SALT LAKE CITY—It’s human nature, and Utah nature, that makes Salt Lake Comic Con so popular.
At least that’s the theory of several Davis County residents who were on hand for this year’s con, which once again broke the records it set last year. More than 120,000 people from Utah and surrounding states crowded the Salt Palace for the three days of the event, and various celebrities seemed in awe of the response from the crowds.
“There are a lot of nerds in Utah,” said Woods Cross resident Ashley Wilson. “This brings everyone together.”
Craig Hawks, a Kaysville resident who co-hosts Legendarium, a fantasy and sci-fi podcast, disagrees.

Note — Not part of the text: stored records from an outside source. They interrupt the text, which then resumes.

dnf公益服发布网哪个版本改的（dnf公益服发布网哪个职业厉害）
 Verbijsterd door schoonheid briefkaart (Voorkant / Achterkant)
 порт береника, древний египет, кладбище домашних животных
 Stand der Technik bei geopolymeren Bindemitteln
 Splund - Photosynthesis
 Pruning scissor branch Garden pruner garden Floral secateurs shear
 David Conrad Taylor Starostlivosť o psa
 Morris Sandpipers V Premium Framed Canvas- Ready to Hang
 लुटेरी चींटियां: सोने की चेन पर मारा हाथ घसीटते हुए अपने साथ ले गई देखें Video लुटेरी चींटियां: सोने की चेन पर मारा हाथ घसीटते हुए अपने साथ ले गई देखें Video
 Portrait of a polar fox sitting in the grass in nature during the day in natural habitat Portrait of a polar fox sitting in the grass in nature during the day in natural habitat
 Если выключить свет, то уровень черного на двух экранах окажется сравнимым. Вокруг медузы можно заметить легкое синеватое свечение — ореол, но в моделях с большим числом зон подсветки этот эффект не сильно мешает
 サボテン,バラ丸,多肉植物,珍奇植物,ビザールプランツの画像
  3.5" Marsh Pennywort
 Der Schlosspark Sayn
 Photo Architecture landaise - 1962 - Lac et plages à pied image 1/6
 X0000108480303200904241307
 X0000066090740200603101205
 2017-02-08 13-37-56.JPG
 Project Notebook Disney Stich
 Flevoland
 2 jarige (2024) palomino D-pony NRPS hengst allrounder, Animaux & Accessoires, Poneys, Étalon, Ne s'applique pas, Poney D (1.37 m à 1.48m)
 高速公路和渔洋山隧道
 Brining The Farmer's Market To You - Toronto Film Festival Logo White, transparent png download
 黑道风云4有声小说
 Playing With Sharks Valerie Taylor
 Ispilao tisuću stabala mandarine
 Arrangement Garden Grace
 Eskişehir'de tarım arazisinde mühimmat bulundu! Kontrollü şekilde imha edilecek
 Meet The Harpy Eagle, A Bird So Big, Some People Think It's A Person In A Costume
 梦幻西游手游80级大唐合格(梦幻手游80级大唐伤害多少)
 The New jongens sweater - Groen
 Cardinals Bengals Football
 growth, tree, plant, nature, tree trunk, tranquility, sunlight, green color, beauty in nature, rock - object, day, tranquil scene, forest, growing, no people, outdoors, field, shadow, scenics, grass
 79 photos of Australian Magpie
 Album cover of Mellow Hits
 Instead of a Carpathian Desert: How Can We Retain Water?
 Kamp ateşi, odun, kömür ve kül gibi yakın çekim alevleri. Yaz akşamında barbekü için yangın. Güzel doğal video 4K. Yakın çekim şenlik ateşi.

Instead of having more nerds or geeks than anything else, he feels that Utah just allows them to be more open.
“What the Salt Lake Comic Con does better than most is get people out of their houses and shows them that there’s a community right on their doorsteps,” he said. “Some people come in from out of state, but we also get tens of thousands of locals to come out. It’s not the same in San Diego, because it’s so international. You don’t get the sense that San Diego is a nerdy community.”
Others say that seeing that community encourages even those who might be reluctant to let their geek flags fly.
“It’s a critical mass of what is otherwise a hidden subculture,” said Sunset resident Nathan Shumate, a local author whose daughter made cosmic cubes to sell at the event. “People have these little passions and hobbies that no one in their neighborhoods share. Here, no one thinks you're weird if you dress up like Aqua Man.”
That lack of judgment leaves them comfortable with celebrating interests that they might not otherwise be willing to focus on so completely.
“It’s a great opportunity for people to explore a part of their lives that gets stuffed on a shelf for most of the year,” said Kaysville resident Curtis Kidd.
For others who aren’t quite ready to explore that part of themselves yet, conventions like this give them an example to shoot for.
“I’ve always wanted to cosplay, and it’s nice to meet people with the confidence to go out and do it,” said Clearfield resident Mark Wise.
That kind of crowd is also excellent for local authors and artists, who tap into the collected culture to give what can be an invaluable burst to their own careers.
“My daughter, who was 9 years old at the time, came here just to see Shannon Hale,” said Kenn Johnson, a Bountiful resident who is also involved with the Legendarium podcast. “Local authors and artists come here, make a fan base, and all of a sudden they’re a big name.”
The phenomenon, though, isn’t necessarily unique. According to Farmington resident Sreeja Nair, the sense of community that has made Salt Lake Comic Con such a success is available to any even that knows how to tap into it.
“I think something like this is going to be popular anywhere,” she said. “I can’t imagine a place where people aren’t passionate about at least some of this.”